▸ What to work on
Omit all pictures. Copy exactly the lines from the line containing "Bolso de Hombro Cuadrado con Cadena - Image 7" to the end of the listing, with both ends included.

▸ Given information
□ □ □
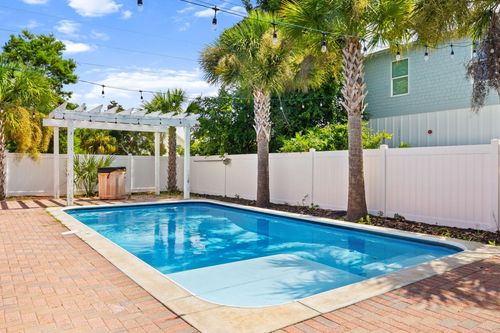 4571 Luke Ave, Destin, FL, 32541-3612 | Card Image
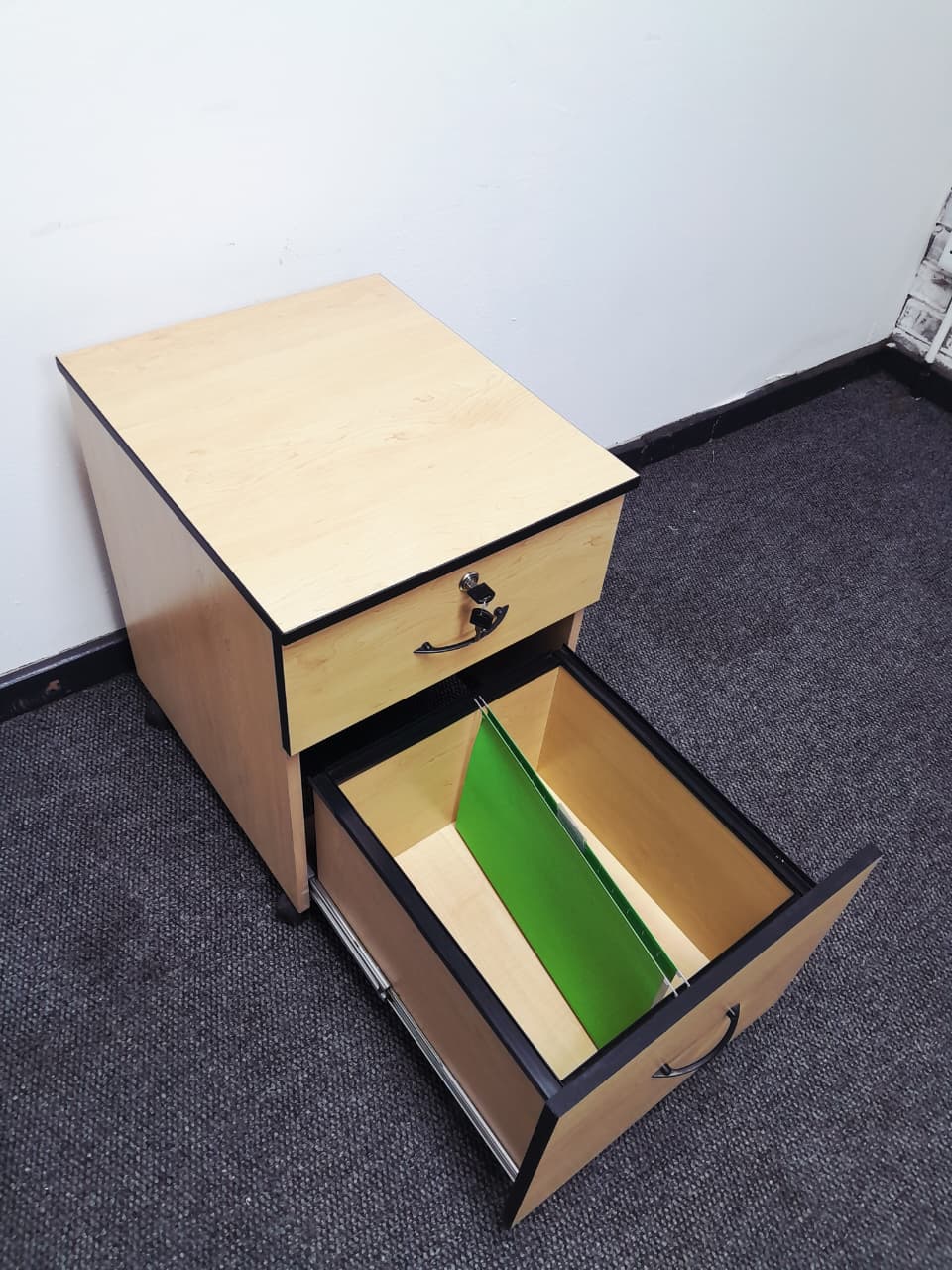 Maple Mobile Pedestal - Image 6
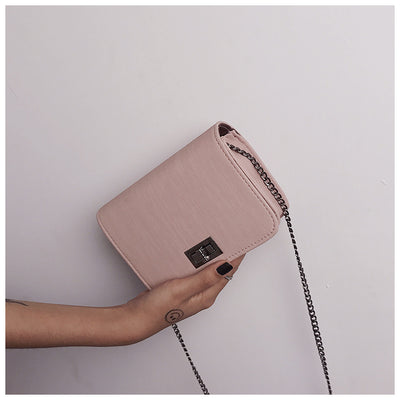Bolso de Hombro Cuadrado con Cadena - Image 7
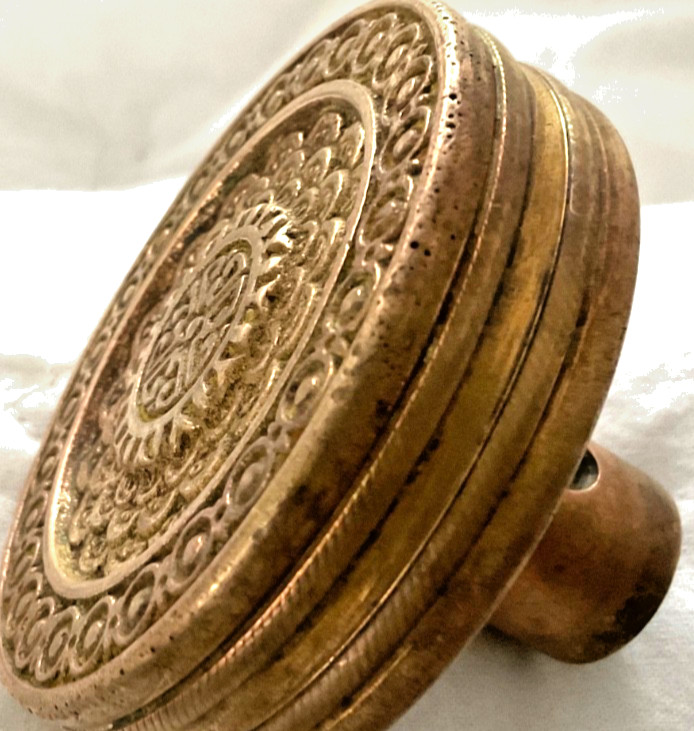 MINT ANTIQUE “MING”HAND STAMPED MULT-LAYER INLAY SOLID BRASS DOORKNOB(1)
□ □ □
▸ Your response
Bolso de Hombro Cuadrado con Cadena - Image 7
 MINT ANTIQUE “MING”HAND STAMPED MULT-LAYER INLAY SOLID BRASS DOORKNOB(1)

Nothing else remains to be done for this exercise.